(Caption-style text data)
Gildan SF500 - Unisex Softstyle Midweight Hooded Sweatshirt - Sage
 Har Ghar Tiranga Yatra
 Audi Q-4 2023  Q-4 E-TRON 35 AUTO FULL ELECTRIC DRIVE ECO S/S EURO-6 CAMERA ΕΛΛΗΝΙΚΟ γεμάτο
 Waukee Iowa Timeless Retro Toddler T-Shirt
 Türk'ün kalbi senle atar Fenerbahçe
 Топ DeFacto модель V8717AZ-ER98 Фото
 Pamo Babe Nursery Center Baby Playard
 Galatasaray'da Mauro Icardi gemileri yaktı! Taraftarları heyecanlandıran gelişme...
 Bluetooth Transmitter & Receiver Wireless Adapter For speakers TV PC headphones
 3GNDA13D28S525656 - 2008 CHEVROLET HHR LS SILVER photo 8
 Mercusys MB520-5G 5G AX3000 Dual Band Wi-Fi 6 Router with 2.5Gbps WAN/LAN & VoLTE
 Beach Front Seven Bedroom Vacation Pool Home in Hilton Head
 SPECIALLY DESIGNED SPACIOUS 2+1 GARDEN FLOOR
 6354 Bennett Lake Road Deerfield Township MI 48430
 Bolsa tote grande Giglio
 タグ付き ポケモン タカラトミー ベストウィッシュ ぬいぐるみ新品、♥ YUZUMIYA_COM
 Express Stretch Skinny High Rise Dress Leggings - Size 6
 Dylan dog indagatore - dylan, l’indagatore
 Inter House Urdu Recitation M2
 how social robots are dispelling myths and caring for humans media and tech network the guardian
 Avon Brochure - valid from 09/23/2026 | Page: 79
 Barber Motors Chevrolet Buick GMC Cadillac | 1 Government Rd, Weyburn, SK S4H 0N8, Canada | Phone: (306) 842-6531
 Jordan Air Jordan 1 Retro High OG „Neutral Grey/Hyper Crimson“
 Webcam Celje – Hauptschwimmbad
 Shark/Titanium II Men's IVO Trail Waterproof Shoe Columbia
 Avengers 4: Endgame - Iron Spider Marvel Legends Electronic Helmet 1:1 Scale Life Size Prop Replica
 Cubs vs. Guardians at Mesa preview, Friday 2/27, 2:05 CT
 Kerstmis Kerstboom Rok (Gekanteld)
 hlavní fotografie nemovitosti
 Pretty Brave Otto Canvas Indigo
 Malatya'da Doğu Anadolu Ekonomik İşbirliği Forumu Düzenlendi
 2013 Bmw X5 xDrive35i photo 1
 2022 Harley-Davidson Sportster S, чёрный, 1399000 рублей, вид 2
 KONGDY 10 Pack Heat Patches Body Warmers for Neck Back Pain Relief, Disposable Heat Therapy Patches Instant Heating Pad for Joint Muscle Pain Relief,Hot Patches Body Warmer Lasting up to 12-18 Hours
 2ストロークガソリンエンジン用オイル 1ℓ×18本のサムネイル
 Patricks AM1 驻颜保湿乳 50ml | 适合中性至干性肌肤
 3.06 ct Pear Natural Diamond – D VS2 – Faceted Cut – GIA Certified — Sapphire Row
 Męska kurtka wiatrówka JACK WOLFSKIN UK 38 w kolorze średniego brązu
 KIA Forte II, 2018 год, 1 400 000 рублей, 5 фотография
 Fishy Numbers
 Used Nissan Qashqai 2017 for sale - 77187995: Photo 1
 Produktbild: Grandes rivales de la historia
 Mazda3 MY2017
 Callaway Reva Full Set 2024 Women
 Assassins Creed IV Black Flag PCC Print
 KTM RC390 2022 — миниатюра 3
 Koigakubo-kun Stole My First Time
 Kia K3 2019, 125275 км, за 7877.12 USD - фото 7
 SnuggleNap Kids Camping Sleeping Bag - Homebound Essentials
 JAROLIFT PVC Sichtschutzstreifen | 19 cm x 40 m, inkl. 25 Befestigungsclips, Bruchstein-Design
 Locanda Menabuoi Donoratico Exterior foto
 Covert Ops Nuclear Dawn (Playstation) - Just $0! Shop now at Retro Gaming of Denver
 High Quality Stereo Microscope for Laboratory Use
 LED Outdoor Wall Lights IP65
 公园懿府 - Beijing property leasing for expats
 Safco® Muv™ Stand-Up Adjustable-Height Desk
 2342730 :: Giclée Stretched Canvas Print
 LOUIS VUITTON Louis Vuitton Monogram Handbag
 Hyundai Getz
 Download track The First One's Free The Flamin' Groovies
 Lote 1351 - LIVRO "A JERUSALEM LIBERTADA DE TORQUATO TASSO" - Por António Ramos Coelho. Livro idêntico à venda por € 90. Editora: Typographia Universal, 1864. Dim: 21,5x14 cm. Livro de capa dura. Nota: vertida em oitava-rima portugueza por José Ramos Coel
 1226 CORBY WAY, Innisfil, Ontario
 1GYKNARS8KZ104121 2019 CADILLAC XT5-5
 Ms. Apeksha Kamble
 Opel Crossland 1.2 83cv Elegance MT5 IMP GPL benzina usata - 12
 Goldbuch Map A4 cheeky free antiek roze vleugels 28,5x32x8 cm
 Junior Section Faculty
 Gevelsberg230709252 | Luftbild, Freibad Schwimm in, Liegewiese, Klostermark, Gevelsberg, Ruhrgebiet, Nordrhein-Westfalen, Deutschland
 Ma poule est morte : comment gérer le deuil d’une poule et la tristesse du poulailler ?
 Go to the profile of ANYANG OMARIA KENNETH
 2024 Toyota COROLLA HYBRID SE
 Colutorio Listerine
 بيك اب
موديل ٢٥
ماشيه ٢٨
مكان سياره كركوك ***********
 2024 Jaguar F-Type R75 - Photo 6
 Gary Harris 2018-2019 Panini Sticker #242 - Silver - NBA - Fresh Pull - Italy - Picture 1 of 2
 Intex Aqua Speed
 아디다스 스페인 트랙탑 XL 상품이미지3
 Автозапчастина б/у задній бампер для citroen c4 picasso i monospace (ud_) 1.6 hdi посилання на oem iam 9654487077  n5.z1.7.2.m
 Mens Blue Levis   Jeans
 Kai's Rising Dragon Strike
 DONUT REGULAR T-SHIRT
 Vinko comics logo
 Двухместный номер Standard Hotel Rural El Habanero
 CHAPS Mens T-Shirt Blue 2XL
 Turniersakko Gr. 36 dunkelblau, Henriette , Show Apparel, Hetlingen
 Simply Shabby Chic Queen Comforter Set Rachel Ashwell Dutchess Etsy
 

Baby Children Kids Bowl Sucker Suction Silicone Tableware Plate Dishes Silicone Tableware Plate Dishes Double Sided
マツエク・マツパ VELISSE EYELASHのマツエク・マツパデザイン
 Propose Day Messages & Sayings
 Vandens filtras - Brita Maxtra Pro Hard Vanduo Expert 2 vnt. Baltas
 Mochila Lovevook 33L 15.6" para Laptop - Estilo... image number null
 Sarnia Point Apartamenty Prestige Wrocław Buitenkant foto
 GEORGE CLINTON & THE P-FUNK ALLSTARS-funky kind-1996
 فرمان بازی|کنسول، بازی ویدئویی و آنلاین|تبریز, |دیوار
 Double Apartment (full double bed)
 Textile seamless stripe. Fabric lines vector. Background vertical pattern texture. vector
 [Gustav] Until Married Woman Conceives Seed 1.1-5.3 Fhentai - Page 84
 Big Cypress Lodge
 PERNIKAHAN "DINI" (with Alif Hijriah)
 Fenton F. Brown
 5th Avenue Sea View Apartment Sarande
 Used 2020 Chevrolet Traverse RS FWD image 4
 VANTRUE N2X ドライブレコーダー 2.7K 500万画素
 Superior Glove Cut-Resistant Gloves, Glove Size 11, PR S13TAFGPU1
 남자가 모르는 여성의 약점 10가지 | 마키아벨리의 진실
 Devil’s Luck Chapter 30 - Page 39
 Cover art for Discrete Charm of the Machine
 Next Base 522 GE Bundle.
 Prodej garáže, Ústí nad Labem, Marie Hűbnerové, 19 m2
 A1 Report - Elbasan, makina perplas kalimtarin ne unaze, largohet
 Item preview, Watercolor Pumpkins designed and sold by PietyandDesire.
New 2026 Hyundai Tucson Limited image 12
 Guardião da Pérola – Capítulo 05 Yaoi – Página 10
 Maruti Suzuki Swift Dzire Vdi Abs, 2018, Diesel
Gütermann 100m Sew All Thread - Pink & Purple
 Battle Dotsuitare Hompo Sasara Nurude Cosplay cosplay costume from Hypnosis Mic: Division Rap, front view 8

TASK ITEM: Using the entries above, output exactly the lines between the line holding "Fenton F. Brown" and the line holding "Prodej garáže, Ústí", end lines included, and nothing more.

ANSWER BOX:
 Fenton F. Brown
 5th Avenue Sea View Apartment Sarande
 Used 2020 Chevrolet Traverse RS FWD image 4
 VANTRUE N2X ドライブレコーダー 2.7K 500万画素
 Superior Glove Cut-Resistant Gloves, Glove Size 11, PR S13TAFGPU1
 남자가 모르는 여성의 약점 10가지 | 마키아벨리의 진실
 Devil’s Luck Chapter 30 - Page 39
 Cover art for Discrete Charm of the Machine
 Next Base 522 GE Bundle.
 Prodej garáže, Ústí nad Labem, Marie Hűbnerové, 19 m2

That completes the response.